Joint with Ulysse Gerard and Gabriel Scherer.
On line demo: https://trymlts.github.io/
Draft paper: https://www.lix.polytechnique.fr/Labo/Dale.Miller/papers/mlts-draft-nov-...
Speaker Bio: Professor Dale Miller received his PhD in Mathematics in 1983 from Carnegie Mellon University. He has been a professor at the University of Pennsylvania and Ecole Polytechnique (France) and Department Head in Computer Science and Engineering at Pennsylvania State University. He has held visiting positions at the Australian National University and the universities of Aix-Marseille, Sienna, Genoa, Pisa, and Edinburgh.
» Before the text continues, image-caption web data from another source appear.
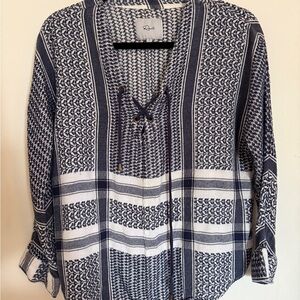 Rails Lily Blouse Sapphire Jacquard Lace Up Top Size Small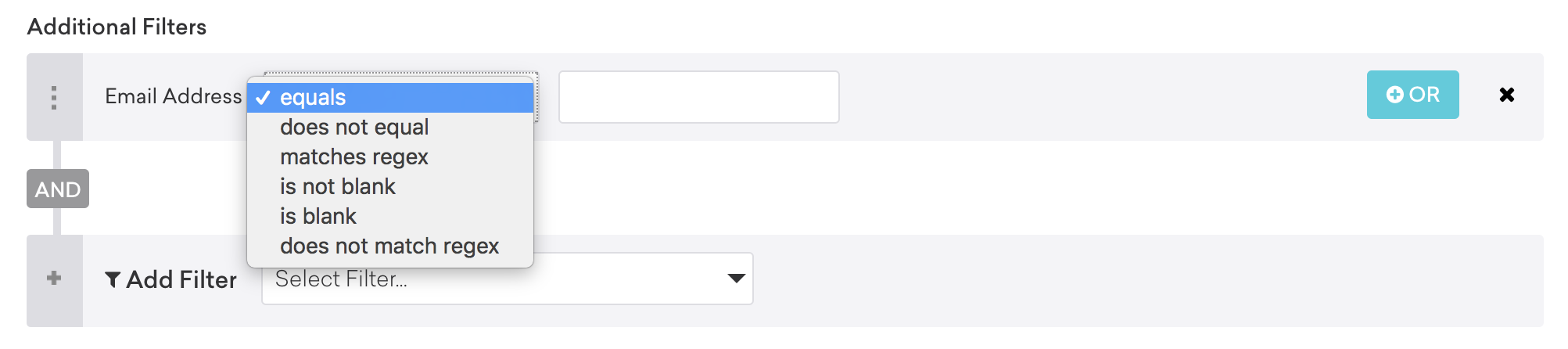 A dropdown menu displaying several filters listed under a heading that reads Testing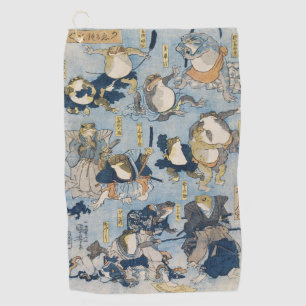 Ukiyo-e Warrior Frogs Antique Japanese Artwork Golf Towel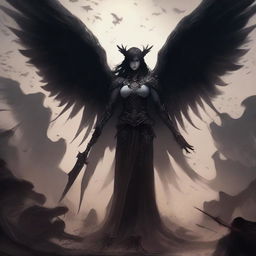 A powerful scene featuring a female fallen angel with dark, ethereal wings, standing beside a warlord made of shadows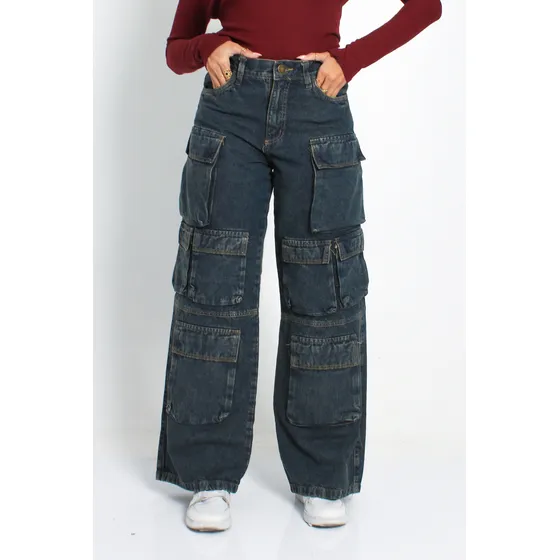 Jean Extra Cargo Mujer Gris Gastado Ktl Denim
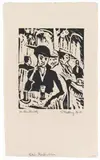Edmund Kesting, "Kaffeeleben", Original woodcut on chamois coloured laid paper Signed, dated, titled, and inscribed `21. Handdruck'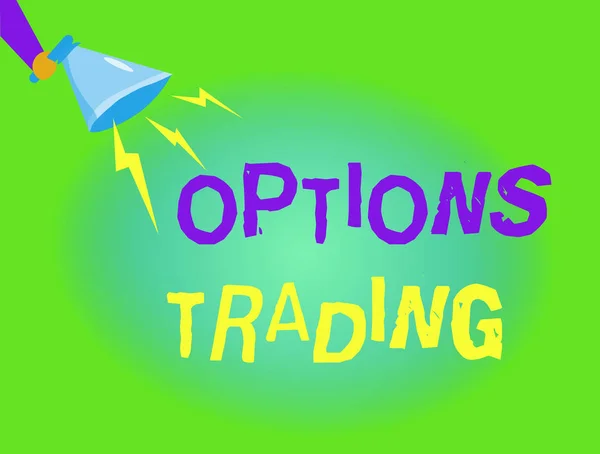 Writing note showing  Options Trading. Business photo showcasing Different options to make goods or services spread worldwide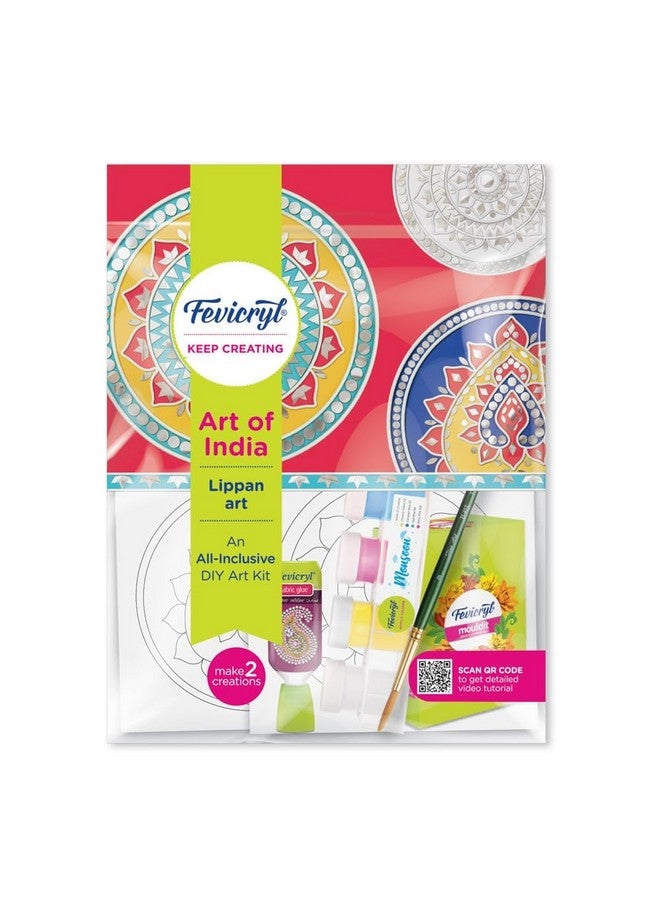 Fevicryl Art of India Lippan kit, Acrylic Paints 6 Shades, 1 Round Brush, Pre-Designed Canvas, Mouldit, Ideal for Festive Gifting, Artists, Students - Image 1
He is currently Director of Research (classe exceptionnelle) at Inria Saclay where he is the Scientific Leader of the Parsifal team. Miller works on various topics in computational logic including proof theory, automated reasoning, logic programming, unification theory, operational semantics, and proof certificates.His work in these areas is well-recognized. Amongst other things, he has been awarded a prestigious ERC Advanced Grant and two of his papers have won the LICS Test-of-Time awards.